The sound card can't read the DC battery voltage as such, because there is a blocking capacitor on the input that will only pass AC. Here's where the trick comes in: When the oscillator or switch suddenly applies a positive voltage step to the sound card, the uncharged capacitor acts briefly like a short circuit. For a moment, the capacitor passes the full DC voltage to the rest of the input circuit, where it is converted by the ADC. This peak voltage quickly decays toward zero as the capacitor charges up, usually in tens of milliseconds or less.

But the peak voltage is exactly the value you want. All you need is to capture that peak. This is something that Daqarta can do easily with the proper Trigger settings. Set the trigger mode to Normal, which means Daqarta will wait indefinitely until the signal crosses the trigger level before updating the display. Set the trigger Level to around 10 to 20% of full-scale, Slope to Positive, and Delay to -100 samples. Make sure Source is set to Left In, and that Trigger is on.

When the oscillator goes high, or the switch connection is made, you should see a sharp vertical edge followed by a decay that may run all the way across the trace. If nothing happens, try setting the trigger Level lower. You can set the trigger mode to Auto temporarily until you see a response. Note that if your sound card inverts polarity (like the Behringer UCA202), and you are using the manual switch method, the positive-going pulse will appear to be negative. Change the Trigger Slope to Negative and set the Level to -10 to -20% and proceed.

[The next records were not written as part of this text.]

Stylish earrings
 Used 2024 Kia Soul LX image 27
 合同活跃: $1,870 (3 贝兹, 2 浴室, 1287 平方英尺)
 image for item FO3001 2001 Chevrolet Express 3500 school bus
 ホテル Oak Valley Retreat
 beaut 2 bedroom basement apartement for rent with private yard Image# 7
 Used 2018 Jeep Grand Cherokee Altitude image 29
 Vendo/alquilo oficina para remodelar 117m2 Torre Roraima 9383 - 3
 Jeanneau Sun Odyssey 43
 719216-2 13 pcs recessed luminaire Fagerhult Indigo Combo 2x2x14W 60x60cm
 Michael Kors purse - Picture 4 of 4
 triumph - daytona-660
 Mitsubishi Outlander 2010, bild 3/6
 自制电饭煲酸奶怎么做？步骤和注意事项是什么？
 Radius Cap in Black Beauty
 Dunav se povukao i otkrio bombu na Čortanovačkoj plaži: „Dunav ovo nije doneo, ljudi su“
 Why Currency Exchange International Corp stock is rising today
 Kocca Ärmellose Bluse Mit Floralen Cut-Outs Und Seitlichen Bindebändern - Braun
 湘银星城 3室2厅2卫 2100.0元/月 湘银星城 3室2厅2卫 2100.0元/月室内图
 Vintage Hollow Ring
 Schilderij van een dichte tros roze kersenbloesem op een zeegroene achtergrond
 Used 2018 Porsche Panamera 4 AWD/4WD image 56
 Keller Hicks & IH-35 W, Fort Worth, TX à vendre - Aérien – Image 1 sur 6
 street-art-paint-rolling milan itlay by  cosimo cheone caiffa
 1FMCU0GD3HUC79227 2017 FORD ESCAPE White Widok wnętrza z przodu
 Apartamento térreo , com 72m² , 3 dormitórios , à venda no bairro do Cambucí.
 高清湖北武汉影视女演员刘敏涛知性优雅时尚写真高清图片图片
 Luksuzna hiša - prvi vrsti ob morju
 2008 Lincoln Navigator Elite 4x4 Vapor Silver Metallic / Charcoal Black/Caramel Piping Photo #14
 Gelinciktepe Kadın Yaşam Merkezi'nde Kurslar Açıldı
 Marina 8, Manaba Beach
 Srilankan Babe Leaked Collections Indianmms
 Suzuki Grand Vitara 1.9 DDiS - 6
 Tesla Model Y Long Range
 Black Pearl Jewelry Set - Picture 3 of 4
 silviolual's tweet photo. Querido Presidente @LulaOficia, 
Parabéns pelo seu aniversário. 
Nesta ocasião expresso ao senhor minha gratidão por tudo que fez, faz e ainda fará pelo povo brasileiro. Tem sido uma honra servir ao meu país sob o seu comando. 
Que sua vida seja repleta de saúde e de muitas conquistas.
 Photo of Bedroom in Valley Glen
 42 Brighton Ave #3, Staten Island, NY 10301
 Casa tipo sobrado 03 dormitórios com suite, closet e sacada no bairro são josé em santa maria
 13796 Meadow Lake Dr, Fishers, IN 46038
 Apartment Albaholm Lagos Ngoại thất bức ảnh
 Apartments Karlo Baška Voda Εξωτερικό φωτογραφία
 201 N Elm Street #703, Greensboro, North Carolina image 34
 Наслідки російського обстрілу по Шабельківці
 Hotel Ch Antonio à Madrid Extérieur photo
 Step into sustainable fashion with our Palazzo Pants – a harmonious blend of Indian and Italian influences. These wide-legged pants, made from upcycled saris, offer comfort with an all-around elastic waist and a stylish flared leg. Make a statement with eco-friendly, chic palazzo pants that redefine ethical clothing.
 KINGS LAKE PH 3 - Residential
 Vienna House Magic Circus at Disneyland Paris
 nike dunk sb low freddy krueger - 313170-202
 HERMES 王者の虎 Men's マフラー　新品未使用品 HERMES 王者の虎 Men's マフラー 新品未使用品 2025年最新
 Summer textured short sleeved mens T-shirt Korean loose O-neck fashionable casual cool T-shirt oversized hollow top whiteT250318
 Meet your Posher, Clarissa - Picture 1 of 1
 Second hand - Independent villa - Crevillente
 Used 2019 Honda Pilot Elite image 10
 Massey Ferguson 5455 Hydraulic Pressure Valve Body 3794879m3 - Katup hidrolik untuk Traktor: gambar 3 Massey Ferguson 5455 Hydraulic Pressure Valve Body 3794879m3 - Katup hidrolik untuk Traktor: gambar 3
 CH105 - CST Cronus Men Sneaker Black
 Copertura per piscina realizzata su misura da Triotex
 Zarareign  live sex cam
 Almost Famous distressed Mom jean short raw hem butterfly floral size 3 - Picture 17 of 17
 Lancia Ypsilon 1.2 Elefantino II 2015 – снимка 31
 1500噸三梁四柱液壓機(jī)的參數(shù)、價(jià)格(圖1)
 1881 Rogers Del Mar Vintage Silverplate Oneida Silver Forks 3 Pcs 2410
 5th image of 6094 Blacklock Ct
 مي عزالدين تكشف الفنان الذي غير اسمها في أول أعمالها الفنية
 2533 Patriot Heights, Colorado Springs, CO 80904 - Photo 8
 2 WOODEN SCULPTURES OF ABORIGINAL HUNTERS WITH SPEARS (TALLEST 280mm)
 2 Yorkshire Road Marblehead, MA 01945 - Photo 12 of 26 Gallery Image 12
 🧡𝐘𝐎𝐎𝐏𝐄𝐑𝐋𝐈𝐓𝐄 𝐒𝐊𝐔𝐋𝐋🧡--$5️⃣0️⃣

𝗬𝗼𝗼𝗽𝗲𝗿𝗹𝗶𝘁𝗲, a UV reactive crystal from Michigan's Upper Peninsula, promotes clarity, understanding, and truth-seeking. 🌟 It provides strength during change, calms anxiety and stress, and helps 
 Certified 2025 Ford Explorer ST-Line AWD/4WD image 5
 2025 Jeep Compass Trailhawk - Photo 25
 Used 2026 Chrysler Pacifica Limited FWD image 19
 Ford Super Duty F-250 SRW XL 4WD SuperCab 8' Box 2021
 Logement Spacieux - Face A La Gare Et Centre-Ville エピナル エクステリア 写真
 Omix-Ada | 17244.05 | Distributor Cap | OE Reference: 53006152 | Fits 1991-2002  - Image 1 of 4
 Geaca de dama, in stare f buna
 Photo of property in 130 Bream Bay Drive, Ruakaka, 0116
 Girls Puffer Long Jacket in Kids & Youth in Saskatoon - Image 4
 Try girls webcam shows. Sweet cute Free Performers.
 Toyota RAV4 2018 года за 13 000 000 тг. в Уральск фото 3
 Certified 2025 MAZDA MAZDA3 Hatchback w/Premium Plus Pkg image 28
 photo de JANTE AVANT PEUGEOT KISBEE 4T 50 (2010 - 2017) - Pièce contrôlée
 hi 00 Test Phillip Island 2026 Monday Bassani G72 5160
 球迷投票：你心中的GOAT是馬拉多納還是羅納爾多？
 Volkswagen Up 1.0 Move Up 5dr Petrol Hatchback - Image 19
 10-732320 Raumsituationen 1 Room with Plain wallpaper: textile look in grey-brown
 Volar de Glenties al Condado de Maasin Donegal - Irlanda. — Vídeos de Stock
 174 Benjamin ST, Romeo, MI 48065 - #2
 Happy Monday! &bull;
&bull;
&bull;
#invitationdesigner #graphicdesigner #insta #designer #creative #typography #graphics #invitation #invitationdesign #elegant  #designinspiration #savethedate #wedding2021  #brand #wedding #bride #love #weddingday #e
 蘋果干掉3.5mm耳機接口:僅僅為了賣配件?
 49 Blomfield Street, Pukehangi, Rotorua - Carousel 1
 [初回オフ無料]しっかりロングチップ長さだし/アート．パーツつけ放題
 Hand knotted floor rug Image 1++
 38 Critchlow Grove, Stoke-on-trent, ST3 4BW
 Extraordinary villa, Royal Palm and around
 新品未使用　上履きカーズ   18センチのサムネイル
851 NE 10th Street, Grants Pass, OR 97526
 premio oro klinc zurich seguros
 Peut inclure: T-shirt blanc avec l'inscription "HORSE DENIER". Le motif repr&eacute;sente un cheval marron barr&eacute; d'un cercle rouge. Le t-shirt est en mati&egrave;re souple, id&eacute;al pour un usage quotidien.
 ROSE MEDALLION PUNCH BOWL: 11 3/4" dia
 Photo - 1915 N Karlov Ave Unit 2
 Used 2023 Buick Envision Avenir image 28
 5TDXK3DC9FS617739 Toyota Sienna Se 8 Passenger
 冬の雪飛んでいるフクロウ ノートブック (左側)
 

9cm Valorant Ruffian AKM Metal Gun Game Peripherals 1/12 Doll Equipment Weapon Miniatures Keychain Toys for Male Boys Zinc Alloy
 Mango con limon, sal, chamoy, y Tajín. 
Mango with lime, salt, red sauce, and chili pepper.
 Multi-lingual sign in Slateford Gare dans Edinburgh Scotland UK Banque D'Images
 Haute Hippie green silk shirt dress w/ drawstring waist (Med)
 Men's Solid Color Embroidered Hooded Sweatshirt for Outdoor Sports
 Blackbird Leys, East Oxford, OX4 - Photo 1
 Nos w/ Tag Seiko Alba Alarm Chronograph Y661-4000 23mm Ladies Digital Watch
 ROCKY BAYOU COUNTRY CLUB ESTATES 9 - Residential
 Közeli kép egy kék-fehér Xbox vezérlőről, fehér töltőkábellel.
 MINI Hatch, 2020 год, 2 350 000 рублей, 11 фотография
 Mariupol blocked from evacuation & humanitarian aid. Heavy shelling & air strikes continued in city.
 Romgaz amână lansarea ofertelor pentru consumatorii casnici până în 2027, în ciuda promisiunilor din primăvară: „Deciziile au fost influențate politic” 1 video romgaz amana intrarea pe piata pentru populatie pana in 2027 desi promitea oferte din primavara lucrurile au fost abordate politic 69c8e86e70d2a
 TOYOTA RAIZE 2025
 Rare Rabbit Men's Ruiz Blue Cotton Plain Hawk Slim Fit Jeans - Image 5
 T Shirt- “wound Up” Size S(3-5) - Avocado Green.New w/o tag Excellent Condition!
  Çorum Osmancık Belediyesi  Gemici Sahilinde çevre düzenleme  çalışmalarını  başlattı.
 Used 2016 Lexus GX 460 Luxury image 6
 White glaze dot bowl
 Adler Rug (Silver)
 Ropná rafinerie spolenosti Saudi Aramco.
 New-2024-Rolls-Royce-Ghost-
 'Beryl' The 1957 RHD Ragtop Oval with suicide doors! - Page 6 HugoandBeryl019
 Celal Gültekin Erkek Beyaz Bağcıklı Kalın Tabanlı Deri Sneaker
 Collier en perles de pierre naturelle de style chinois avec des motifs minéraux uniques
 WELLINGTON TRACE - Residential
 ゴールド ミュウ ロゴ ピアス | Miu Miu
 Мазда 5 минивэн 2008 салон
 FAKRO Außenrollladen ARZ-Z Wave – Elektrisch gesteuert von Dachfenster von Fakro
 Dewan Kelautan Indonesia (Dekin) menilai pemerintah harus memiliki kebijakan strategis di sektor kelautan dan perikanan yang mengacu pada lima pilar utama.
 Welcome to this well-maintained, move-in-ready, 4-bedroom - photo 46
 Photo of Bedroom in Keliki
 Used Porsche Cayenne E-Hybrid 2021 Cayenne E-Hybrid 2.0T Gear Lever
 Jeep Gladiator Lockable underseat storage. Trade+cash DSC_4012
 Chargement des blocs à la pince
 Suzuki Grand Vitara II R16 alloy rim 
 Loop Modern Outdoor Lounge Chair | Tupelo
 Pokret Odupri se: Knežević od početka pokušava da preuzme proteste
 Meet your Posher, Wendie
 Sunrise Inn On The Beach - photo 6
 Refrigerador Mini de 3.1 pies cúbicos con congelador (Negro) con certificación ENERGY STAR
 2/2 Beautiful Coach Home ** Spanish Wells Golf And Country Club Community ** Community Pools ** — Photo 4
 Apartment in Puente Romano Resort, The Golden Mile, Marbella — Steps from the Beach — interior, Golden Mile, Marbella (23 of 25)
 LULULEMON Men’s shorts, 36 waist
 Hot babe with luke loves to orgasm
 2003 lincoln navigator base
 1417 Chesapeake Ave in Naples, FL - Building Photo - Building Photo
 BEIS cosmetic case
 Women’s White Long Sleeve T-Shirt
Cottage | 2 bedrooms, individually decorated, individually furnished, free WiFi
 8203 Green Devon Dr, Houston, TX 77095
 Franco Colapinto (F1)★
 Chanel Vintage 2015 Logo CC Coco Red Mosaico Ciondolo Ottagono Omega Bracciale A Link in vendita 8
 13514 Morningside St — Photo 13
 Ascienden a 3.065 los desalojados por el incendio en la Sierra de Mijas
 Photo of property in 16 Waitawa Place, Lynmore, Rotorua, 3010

If the peak has a flat top or is heavily rounded, you are overdriving the input. The first thing to try is reducing the Line In sensitivity to more-negative values. If you get to the minimum (-191) and there is still a flat top, you'll have to reduce the input voltage via the voltage divider. This is easy if you are using a potentiometer instead of discrete resistors. Aim for the highest peak that has no flat spot.

Important: When the square wave goes low, or the manual switch goes off (on a normal-polarity sound card), it causes a mirror-image negative peak that is normally off-screen. It decays upward toward the 0 baseline, and must be back at or near 0 by the time of the next positive peak. (The reason for the negative trigger delay setting is to move the positive peak to the right so you can verify this.) If the positive peak isn't starting from close to 0, reduce the switching or oscillator rate as needed.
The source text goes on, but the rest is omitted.